El director del Teatro Petra habla sobre una nueva versión de un clásico de García Lorca que desgarra hoy tanto como lo hizo ayer. En teatro de Cine Colombia, hoy domingo.
En 1983, cuando Carlos Saura lanzó su versión de Carmen para cine (aunque en realidad era teatro dentro del teatro), todos en la escuela de Teatro queríamos hacer eso: escenas donde la realidad y la ficción se juntaran y se confundieran. Adorábamos a Lorca y su españolidad tan abierta, tan sexual, tan seductora. Todos queríamos ser el bailarín que se enloquece por ella, y todas querían moverse como la bailarina que desata pasiones.
Sí, ya sé; esa Carmen no es de Lorca, es de Mérimée; pero para nosotros representaba todo el universo lorquiano.
El tiempo pasa, las estéticas se desarrollan, los paradigmas se alteran.
Aquí, en esta Yerma que trae el National Theatre, no vamos a encontrar toreros, ni castañuelas, ni música gitana, ni abanicos, ni atuendos flamencos, ni ambiente mediterráneo, ni elemento alguno que identifique lo que, desde el principio, y por inercia, uno relaciona con Lorca. Cabe preguntarse ¿esto para la Yerma, tan española y tan lorquiana es bueno o malo? Y claro, estas calificaciones sabemos que son innecesarias en teatro, y en el arte en general. Sin embargo, sí puedo decir que es positivo en todos los sentidos porque Simon Stone, el director, está utilizando los elementos más profundos de la obra y manteniendo su valor en otro contexto histórico, moral y temporal (como sucede con Shakespeare).
Argumentalmente la pieza es sencilla: Yerma quiere tener un hijo y no lo está logrando. Hoy en día, se podría pensar que eso sería un problema biológico para el cual existen múltiples alternativas de solución y, por ende, que ese inconveniente no desataría un señalamiento moral o una resolución trágica. Pero no es tan sencillo, ni hoy ni ayer.
Esta Yerma sale de la España rural y piadosa, y se instala en un Londres urbano contemporáneo, que en apariencia cuenta con completas libertades morales y sexuales.
Y la obra vive, y es posible que viva más y mejor así (ya dije que es innecesario hacer esos juicios), porque se rompe el estereotipo lorquiano. Es decir se mata al autor (esta vez en términos poéticos, no franquistas) y sus personajes siguen vivos, llenos de complicaciones y ambigüedades, sobrepasando las barreras que a veces, por darle identidad a un autor, impiden que trasciendan.
Desde el inicio de la obra son personajes abiertos, liberales, con posibilidades de expresar sus deseos y aspiraciones.
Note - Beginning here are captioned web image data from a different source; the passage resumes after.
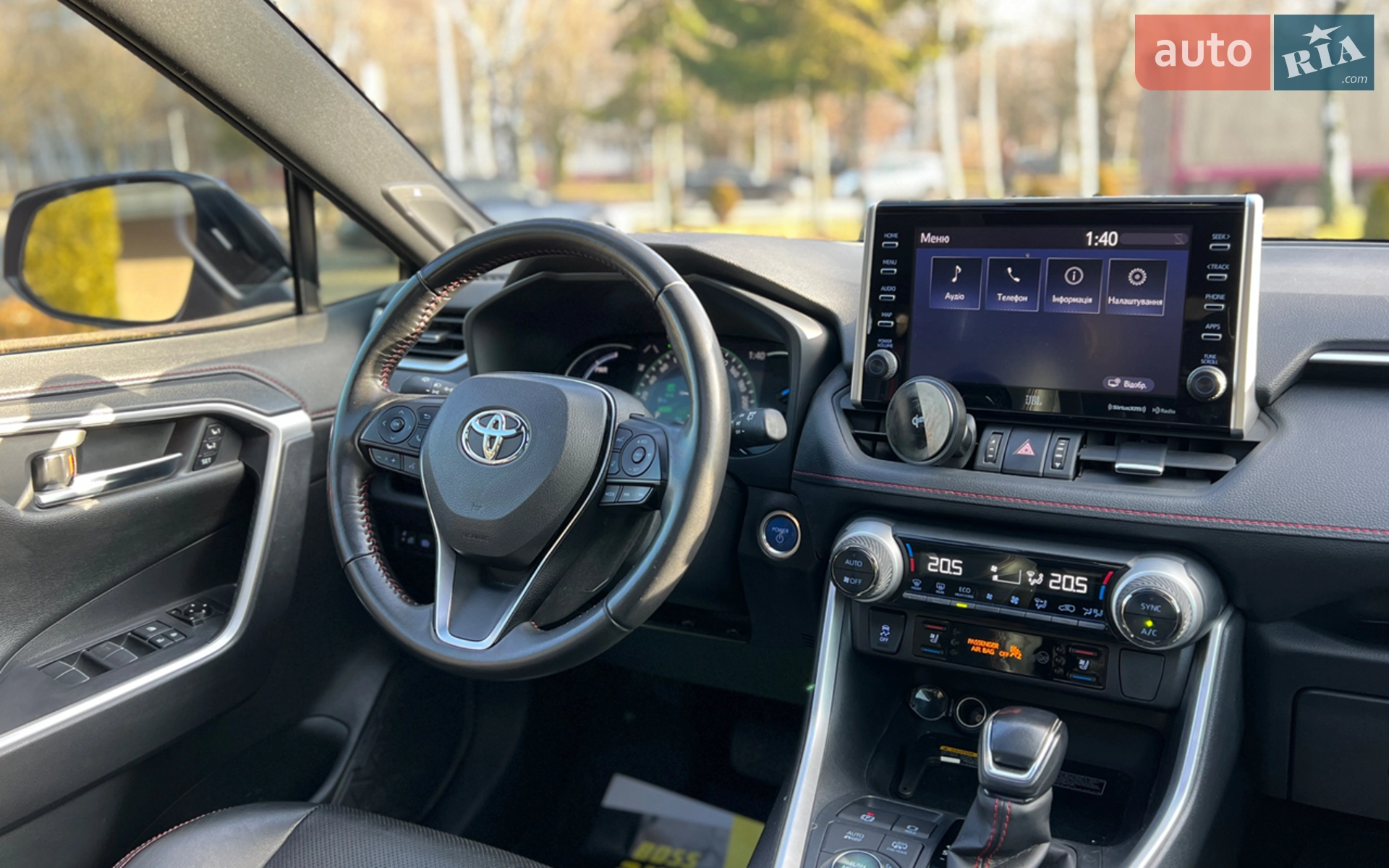 2021 Toyota RAV 4 - мініатюра 24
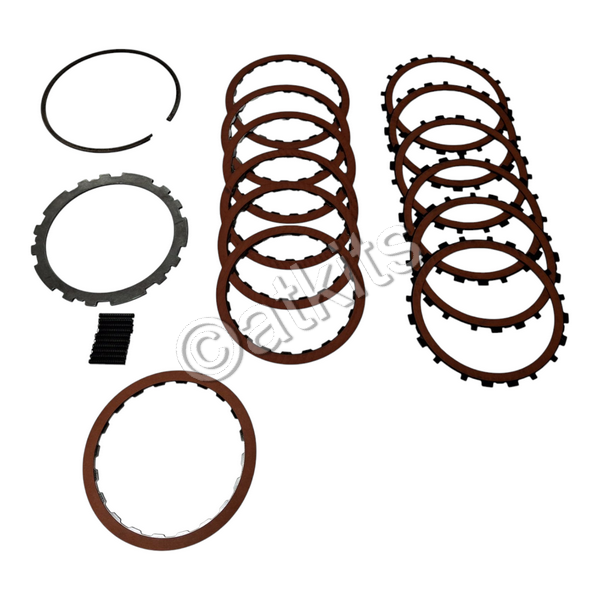 Powerpack /  Th700/4l60e Series 3/4 Clutch 1 Sided Hp 82+
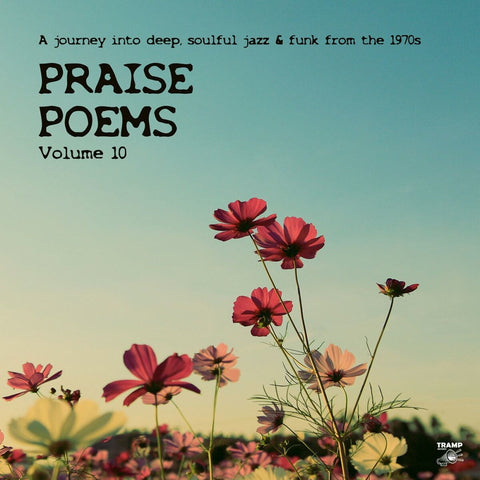 Various - Praise Poems Volume 10 (A Journey Into Deep, Soulful Jazz & Funk From The 1970s)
Pero esa libertad comienza a transformarse poco a poco hasta dejarnos ver que los hilos de dolor y tensión que mueven la pieza en 1934 lo siguen haciendo hoy. Yerma se desgarra y se fragmenta hoy tantas veces como lo hizo ayer. La madre, ese personaje tan poderoso en Lorca, aparece aquí como la Bernarda de otra obra, corrosiva y punzante. Las figuras masculinas dominan, mandan, provocan, sí; pero no son determinantes; quien decide es la mujer.
Todo está sostenido en actuaciones impecables. Los diálogos son dinámicos y voluntariamente atropellados. Hay una posición clara del director, que desde el principio es evidente. La escenografía es sorprendente porque pasa de un escenario aparentemente vacío a una escena llena, a veces de total corte realista, y a veces llenando con un solo elemento todo el escenario.
Dentro de los mecanismos narrativos, aparte del sustento magistral de actrices y actores, hay una suerte de letreros o títulos que dan cuenta de cada momento temporal de la obra, pero también de estados de ánimo, como si el director partiera de esa frase tan querida y odiada en el arte: “Nadie se ha molestado porque le dejen algo claro”.
Lorca, con esta Yerma, vuelve a ser un autor contemporáneo.